Come già in passato, sono stati sfidati i criteri della scienza storica e si è ricorso ampiamente alla retorica nazionalista, legittimata dai miti nazional-romantici. Ma le speculazioni sembrano relativizzare anche alcuni miti, come l’enorme significato delle montagne nell’identità nazionale albanese, da sempre ritenute come "fortezze naturali che hanno conservato intatta la nazione albanese e hanno fatto sì che gli albanesi non si estinguessero". Per la prima volta nel discorso nazionalista albanese, l’essere montanari e le montagne assumono una connotazione negativa.

Mentre in molti hanno paragonato l’Accademia delle scienze macedone alla SANU serba, molto attiva negli anni ’80 e ’90 nell’istigazione al nazionalismo, è ritornato alla ribalta il ruolo che le accademie nazionali assumono per le nazioni balcaniche in quanto laboratori delle identità nazionali e attori attivi nelle politica internazionale balcanica. Lo scrittore Dritero Agolli, esprimendo la sua indignazione ha affermato tra l’altro: "Ecco a cosa servono le accademie ed ecco perché dobbiamo continuare ad averne una."

Negli ultimi anni in Albania ha avuto luogo un dibattito sull’esistenza e sulla riforma dell’Accademia nazionale delle scienze. Il governo Berisha, aveva proposto di sciogliere l’Accademia e attribuire le sue attività alle singole facoltà dell’Università statale di Tirana. Ora, gli intellettuali albanesi ritengono che l’Accademia non debba essere toccata, in quanto paladina della nazione o "esercito armato di carta e penna" da far scendere in campo contro le accademie dei vicini. Seguendo tale logica i veterani dell’UCK, indignati anche essi, hanno fatto appello all’Accademia delle scienze in Albania, a scrivere anch’essa un’enciclopedia per mettere i puntini sulle i, secondo il punto di vista albanese. E l’idea non sembra dispiacere a Tirana. Mentre, sempre nella logica delle accademie, sono stati individuati anche i traditori di turno che in questo caso sarebbero i membri albanesi dell’Accademia macedone, i quali sono stati a più riprese invitati dai loro connazionali a dimettersi in forma di protesta.
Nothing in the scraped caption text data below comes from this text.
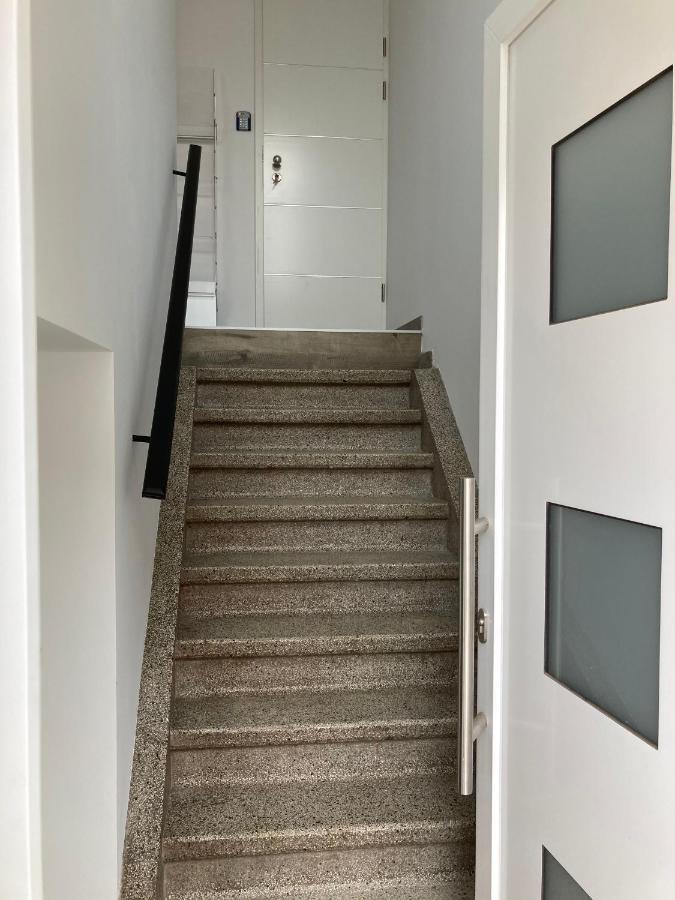 ספא Les Duplex De La Place Des Ecoles מראה חיצוני תמונה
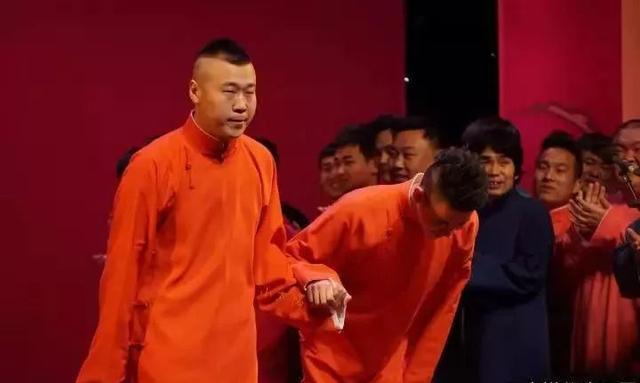 张云雷被diss?相声演员能得到偶像的待遇,就得受得起贵圈的群嘲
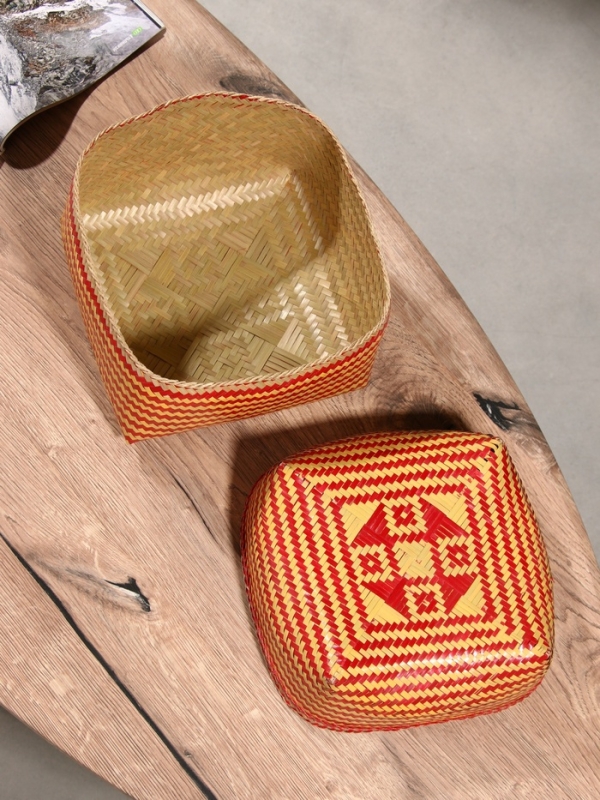 Корзинка плетеная  Корзинка плетеная "Севилья" 24х24х15 см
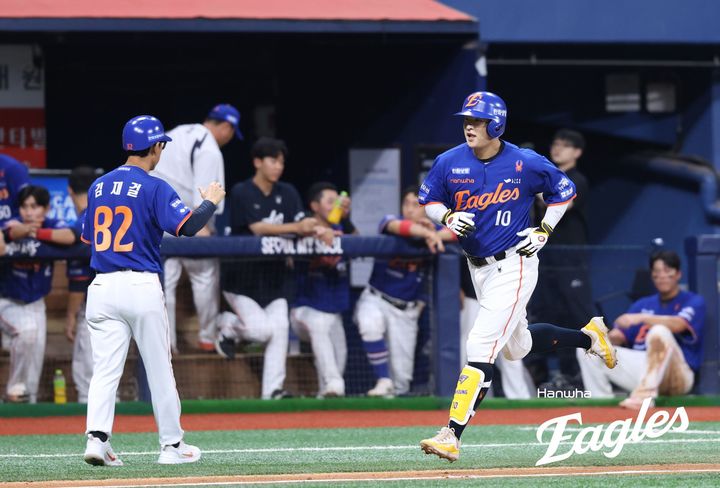<b>폰세</b>, MLB 스카우트 앞 개막 <b>16연승</b> 달성…한화, 키움 잡고 5<b>연승</b>(종합)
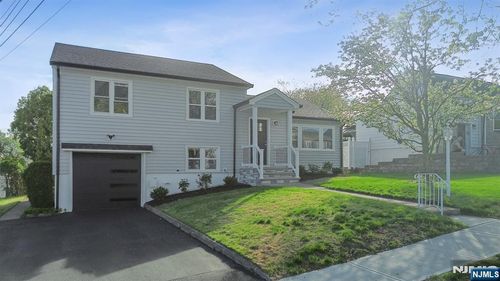 27 Mountainview Dr, Clifton, NJ, 07013-1413 | Card Image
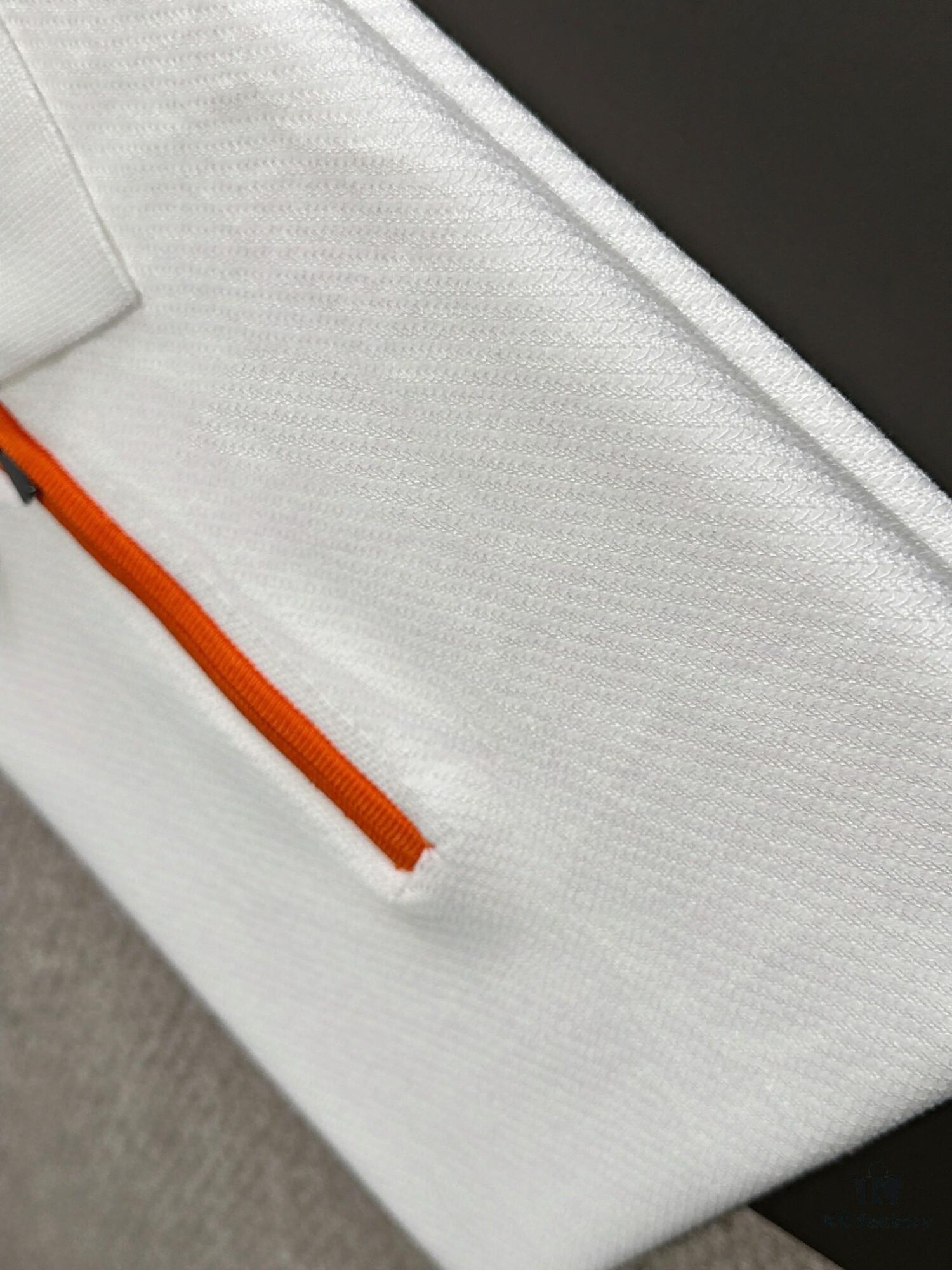 6931a298ccd8ab3d7af96af4 High-Quality Hermès 2025 Spring/Summer New Men's Collared Short-Sleeve T-Shirt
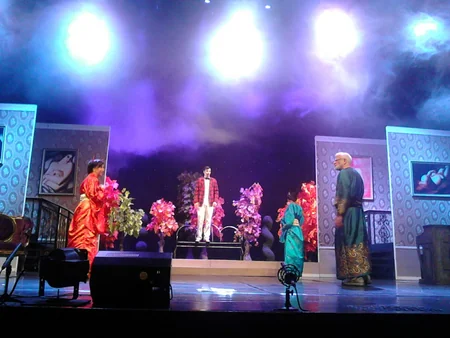 Rus Dram Teatrında Blisslər ailəsi eksentrik komediyasının premyerası olub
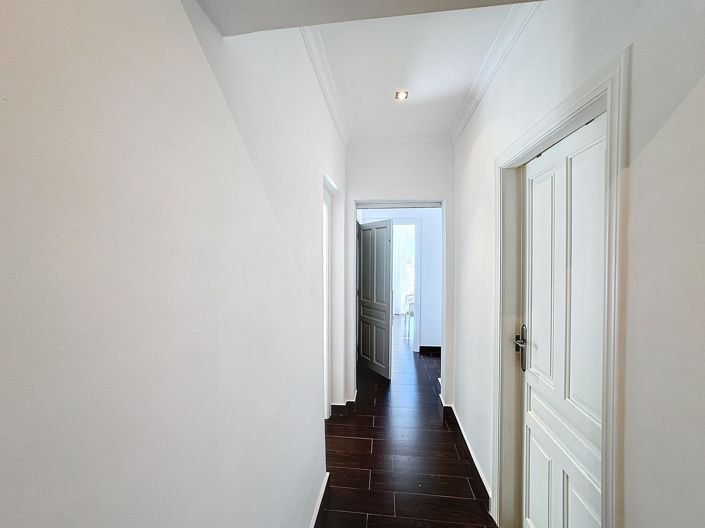 Image No.26-3 Bed Villa for sale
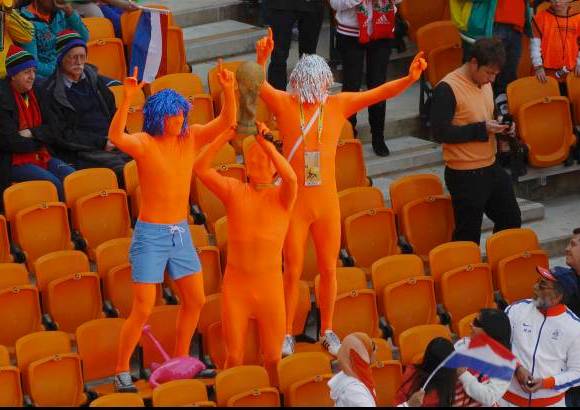 Reuters - Trajes muy particulares en las tribunas durante el encuentro.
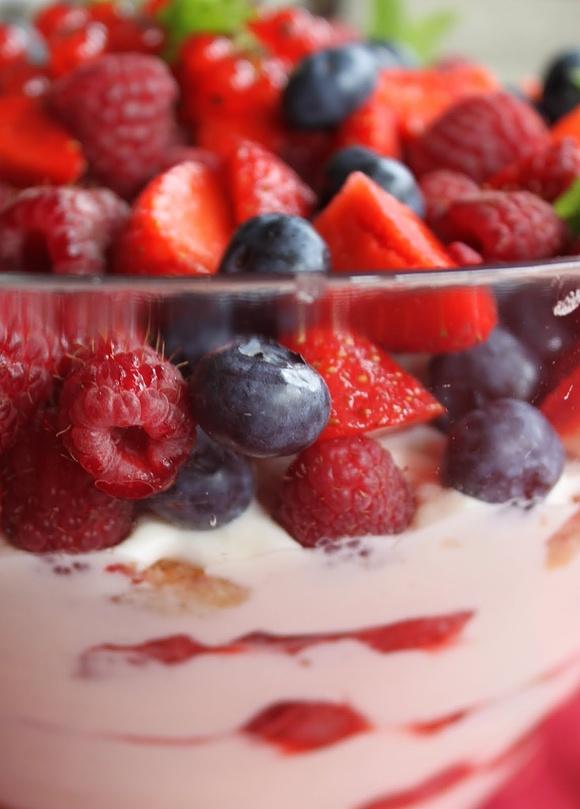 Letnie tiramisu z owocami i likierem Amaretto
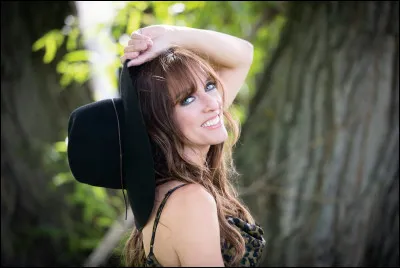 Complétez les paroles de cette chanson de Lynda Lemay appelée "La Visite" : "J'veux pas de visite / Je veux qu'on me traite de ... / Et que ça se dise dans le voisinage / J'veux qu'on m'évite".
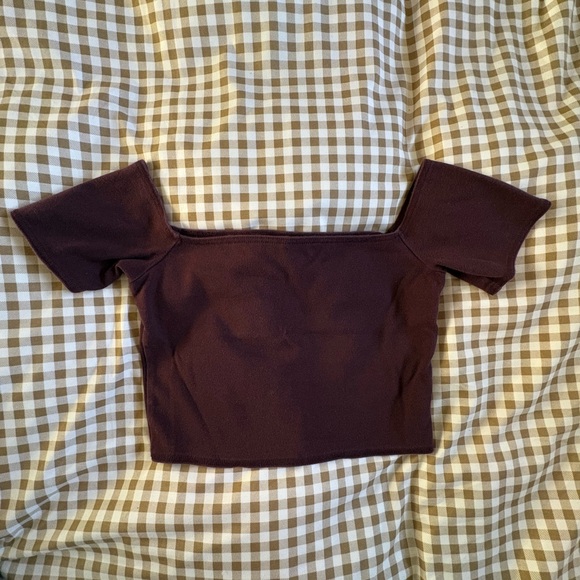 Wilfred Tops - Wilfred Free Off-Shoulder Top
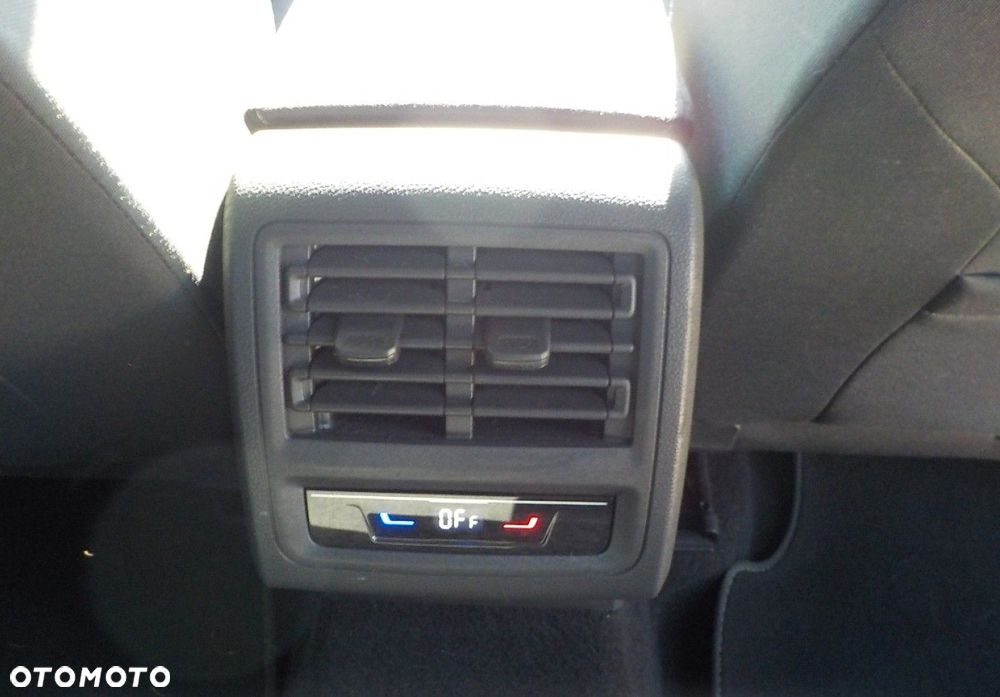 Volkswagen Golf - 26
In risposta all’enciclopedia macedone, negli ultimi giorni di dicembre a Tetovo, ha avuto luogo la promozione del libro "La Macedonia Albanese" (Maqedonia shqiptare), scritto da uno storico di etnia albanese Njazi Muhamedi. Il testo che sarebbe solo il primo volume di una serie di pubblicazioni, è stato finanziato, a detta dei media albanesi, grazie al contributo dei cittadini di Tetovo. Il libro è stato scritto per correggere quanto pubblicato sugli albanesi nell’enciclopedia macedone di qualche mese fa, sostenendo l’autoctonia degli albanesi nel territorio macedone. "Gli albanesi ortodossi sono stati costretti dallo stato macedone a cambiare etnia" – afferma Muhamedi. Tra le personalità interpretate in favore degli albanesi, non manca Alessandro Magno, che Muhamedi sostiene debba essere conteso tra greci e albanesi, e non dai macedoni.

E’ preoccupante il fatto che l’enciclopedia macedone sia diventata la maggiore preoccupazione dei media albanesi per molti mesi, mentre la situazione politica ed economica nel paese è a dir poco incerta. Molto è da attribuire alla facilità con cui i politici e i media riescono a seguire tali questioni facilmente inquadrabili negli schemi del nazionalismo albanese, scaturendo enorme interesse presso il pubblico, molto sensibile alla percezione degli albanesi all’estero, come hanno dimostrato anche casi più banali e non necessariamente politici negli ultimi anni. Ma ora che la comunicazione mediatica tra gli albanesi nei Balcani si è notevolmente intensificata, le frustrazioni tipiche degli albanesi dell’Albania, sembrano assumere sempre più un carattere nazionalistico.